Kalau hari ini tidak sanggup membangun Simpang Ulim, Lhoknibong, Idi Cut, Bagok, dan Kuta Binje, maka jangan wariskan lagi kuasa ini ke orang yang sama dari kawasan yang sama. Biarkan rakyat memilih dengan akal sehat. Biarkan demokrasi tumbuh tanpa tekanan dan intrik anggaran.
Kita tidak sedang meminta keistimewaan untuk wilayah utara, timur, atau barat. Kita hanya menuntut keadilan yang sederhana: pembangunan yang adil, kepemimpinan yang merata, dan pelayanan yang setara. Bila Bupati hari ini tidak mampu menjangkau wilayah-wilayah pinggiran, maka harapan besar kita taruh di periode selanjutnya.
Simpang Ulim layak memimpin.

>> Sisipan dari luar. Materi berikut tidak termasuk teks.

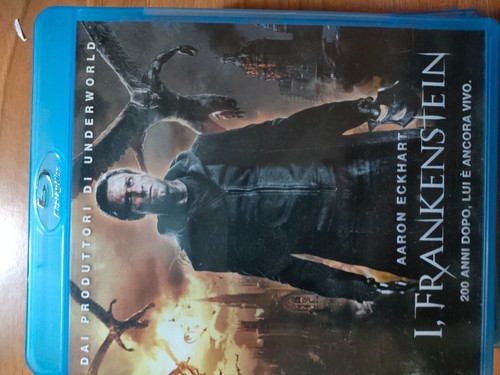 Blu ray 2014 frankenstein - blu-ray,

Lhoknibong berhak membangun. Idi Cut, Bagok, dan Kuta Binje harus mulai dilibatkan, bukan cuma dipakai. Dan Aceh Timur harus kembali menjadi rumah bersama, bukan rumah kontrakan yang hanya dikuasai satu keluarga besar.
Kita ingin pemimpin yang tidak hanya bicara tentang visi di spanduk, tapi benar-benar menginjakkan kaki di jalan berlumpur yang ada di Gampong terpencil. Kita ingin calon bupati yang tidak hanya datang menjelang pencoblosan, tapi tetap hadir ketika banjir melanda atau listrik padam berhari-hari.
Pemilu ke depan adalah ujian, apakah Aceh Timur masih ingin seperti ini terbelah, tidak adil, dan penuh drama politik kampungan, atau kita semua berani melangkah menuju sistem yang lebih sehat dan setara.
Jangan biarkan aparatur Gampong jadi alat politik. Jangan jadikan jabatan sebagai alat mempertahankan kekuasaan keluarga atau kelompok. Dan jangan lagi rakyat dibodohi dengan bantuan musiman menjelang pencoblosan.
Demokrasi harus dewasa. Pemimpin harus merata. Dan pembangunan harus adil.